Dr. McKee has  found that using chemoprotective doses of amifostine significantly protects against the (sometimes profound) thrombocytopenia which otherwise tends to occur when carboplatin is used with gemcitabine. Because carboplatin is so much better tolerated in terms of subjective side
effects, this is Dr. McKee's regimen of choice for gemcitabine/platinum combinations, switching to cisplatin only if profound thrombocytopenia develops, despite the use of amifostine and
Neumega. Dr. McKee reports that chemoprotective doses of amifostine are best tolerated when
taxane type premeds are utilized. Usually he uses 32 mg Zofran or 1-2 mg Kytril IV along with
10 mg Decadron, 300 mg cimetidine, and 25-50 mg Benadryl.
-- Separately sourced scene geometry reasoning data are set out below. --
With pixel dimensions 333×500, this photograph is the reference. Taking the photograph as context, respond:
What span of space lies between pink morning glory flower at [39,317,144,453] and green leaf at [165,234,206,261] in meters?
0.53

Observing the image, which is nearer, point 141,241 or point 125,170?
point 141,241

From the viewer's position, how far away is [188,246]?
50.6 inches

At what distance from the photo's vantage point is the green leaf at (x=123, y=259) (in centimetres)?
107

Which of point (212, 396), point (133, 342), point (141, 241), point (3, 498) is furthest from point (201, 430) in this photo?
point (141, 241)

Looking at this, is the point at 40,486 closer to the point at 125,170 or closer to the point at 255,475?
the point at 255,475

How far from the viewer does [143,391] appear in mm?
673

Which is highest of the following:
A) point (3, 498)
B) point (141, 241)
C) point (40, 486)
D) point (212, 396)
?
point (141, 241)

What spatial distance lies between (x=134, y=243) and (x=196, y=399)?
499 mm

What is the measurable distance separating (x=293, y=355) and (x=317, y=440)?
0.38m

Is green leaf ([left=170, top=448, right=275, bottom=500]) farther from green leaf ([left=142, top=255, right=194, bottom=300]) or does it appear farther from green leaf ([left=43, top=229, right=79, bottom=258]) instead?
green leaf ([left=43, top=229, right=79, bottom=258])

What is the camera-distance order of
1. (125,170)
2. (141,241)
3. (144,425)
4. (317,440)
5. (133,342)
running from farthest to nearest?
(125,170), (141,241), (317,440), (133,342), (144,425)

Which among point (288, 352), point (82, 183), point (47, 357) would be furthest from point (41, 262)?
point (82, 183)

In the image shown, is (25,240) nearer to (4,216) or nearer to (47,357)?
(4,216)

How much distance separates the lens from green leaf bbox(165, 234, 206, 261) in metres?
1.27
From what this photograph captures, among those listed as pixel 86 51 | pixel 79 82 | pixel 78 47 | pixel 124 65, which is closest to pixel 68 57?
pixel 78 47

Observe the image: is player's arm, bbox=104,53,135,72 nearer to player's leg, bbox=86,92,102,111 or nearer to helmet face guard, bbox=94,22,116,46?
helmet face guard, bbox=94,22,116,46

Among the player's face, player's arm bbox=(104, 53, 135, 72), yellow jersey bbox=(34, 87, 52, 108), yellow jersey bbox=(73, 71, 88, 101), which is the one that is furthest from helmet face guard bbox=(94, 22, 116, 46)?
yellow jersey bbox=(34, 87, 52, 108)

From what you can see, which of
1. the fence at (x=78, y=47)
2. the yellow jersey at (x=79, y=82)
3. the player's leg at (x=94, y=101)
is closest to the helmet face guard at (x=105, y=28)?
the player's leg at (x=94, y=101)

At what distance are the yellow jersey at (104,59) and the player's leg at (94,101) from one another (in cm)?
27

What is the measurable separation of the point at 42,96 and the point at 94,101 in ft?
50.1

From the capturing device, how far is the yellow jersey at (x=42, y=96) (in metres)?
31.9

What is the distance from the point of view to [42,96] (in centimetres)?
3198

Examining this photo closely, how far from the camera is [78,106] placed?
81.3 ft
Immediately after the premeds are
administered, he infuses gemcitabine 1 gm/m2 given over 30 minutes in 500 ml normal saline,
which also functions as prehydration for amifostine. 740mg/M2 amifostine is then
administered over 10 minutes, monitoring the BP carefully and holding the infusion for a drop
of systolic BP >25% from baseline, restarting it if the SBP recovers to baseline after 5 min.
Immediately after the amifostine, the carboplatin in an AUC of 5-6 is given over 30 minutes
for doses of 400 mg or less, over 1 hour for doses of more than 400 mg (more nausea with
rapid administration of higher doses). If the platelet count nadirs below 70,000, consider
repeating the amifostine (same dose) after the carboplatin is administered because of the long
half life of carboplatin. The second dose of amifostine is often transiently emetogenic, less so
if the short acting anti-emetic medications are repeated just prior.

This combination is given x2 cycles q 3 wks, followed by some type of restaging procedure.